Ein weiteres Schiff, die Fregatte Kasatonow, durchquerte den Kanal und bewachte zwei Handelsschiffe, die sich auf eine Reise nach Tartus in Syrien zubewegten. Eines dieser Schiffe war mit dem Transport von Waffen in Verbindung gebracht. Diese Konvoi wurde von einem britischen Hilfsschiff begleitet, was auf eine erweiterte Verpflichtung der britischen Marineressourcen hindeutete, angesichts der wachsenden maritimen Spannungen zwischen London und Moskau.

Außerdem berichtete der Verteidigungsminister über frühere Operationen, bei denen die britische Marine drei russische U-Boote über Pipelines und Kabel nahe britischen Gewässern verfolgte. Experten kritisierten diese Vorgehensweise als unverhältnismäßig, da Marineeinheiten normalerweise nur dann Schiffe eskortieren, wenn eine klare militärische Bedrohung vorliegt, wie beispielsweise durch die Houthi in der Roten See.

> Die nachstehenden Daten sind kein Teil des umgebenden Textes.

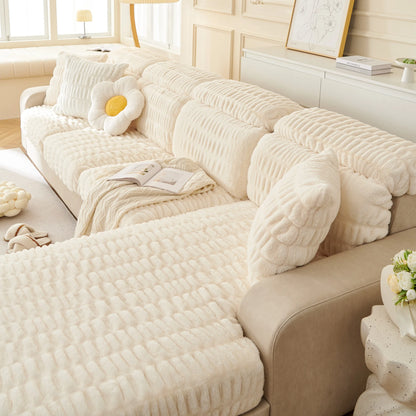 Couch Cushion Covers Individual Large Stretch Imitation fur Sofa Cushion Covers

Russland stützt sich auf eine sogenannte Schattenflotte alter, schlecht gewarteter Tanker, die unter Flaggen von Drittstaaten operieren, um etwa die Hälfte seiner Seeölexporte zu finanzieren. Moskau betrachtet diese Quelle als unverzichtbar und entschlossen, diese Einnahmequelle zu stören. Die britische Regierung kündigte an, die Bemühungen gegen diese Schattenflotte verstärken zu wollen, um die Finanzierung der russischen Kriegsmaschinerie zu unterbinden.

Obwohl die britische Regierung die Befugnisse zur Beschlagnahmung sanktionierter Schiffe bekannt gab, führte die Präsenz russischer Kriegsschiffe in unmittelbarer Nähe dazu, dass die britische Seite bisher keine Beschlagnahmungen der Schattenflotte durchführte. Andere europäische Staaten hatten in diesem Jahr ebenfalls Tanker beschlagnahmt, was die globale Bedeutung dieser maritimen Konflikte unterstreicht.